When I did the NHADA show for the first time on two weeks notice, I was walking the floor and came to Pam's booth on the downstairs level. I extended the same nod and reserved "Hi" that Chance the rapper probably gives Jay-Z when they run into each other at the Grammy's afterparty. Pam replied spryly "Hi John! How are you? Excited to be doing the show?" I said I was, but that I was nervous. Two weeks wasn't a lot of time, but I was happy just to be doing it and didn't have great expectations for selling under the circumstances. "You'll do fine." She was right.
I had met Pam maybe twice before this. After she said "Hi John!", a thought ran through my brain. I try to avoid coarse language in my blog, but in this instance I can't. I remember exactly what I thought, and historical accuracy outranks sugar-coating. "Holy shit, Pam Boynton knows who I am."
The following spring at Hartford, I had a nice theorem in my booth. Not a mind-blowing theorem, but a nice one. On Saturday afternoon Martha Boynton came over to the booth with Bill Samaha. "At least ask him for the dealer price!" Bill did. He hesitated. "What are you doing! Just buy the thing!" Bill did. He didn't need it. I'm sure he made money on it, but he didn't need it. He must have mentioned it to Martha and Pam as one of the things he liked on the floor, and I imagine them simultaneously blurting out "Buy it from the kid!" Pam's connection to that generation of the antiques business had made a sale for me. Not for someone else, for me.

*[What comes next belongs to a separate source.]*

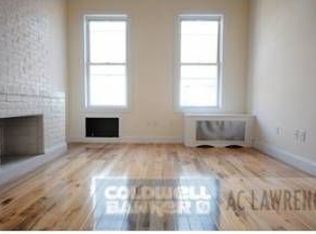 318 E 22nd St, New York, NY 10010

I'm sure there were other things Bill liked on the floor. But Pam cared about the future of the business she excelled at and loved. It's the only excuse I can think of for why she cared who I was, knew that it was my first year at NHADA, and helped talk someone into buying something from me that he didn't need. It's easy to wish someone success, a lot harder to help make it happen. Some would call it Yankee ingenuity. Pam might not have known that I recognized how kind she had been to me, that I knew she had gone out of her way for me, and I regret that. I will miss her.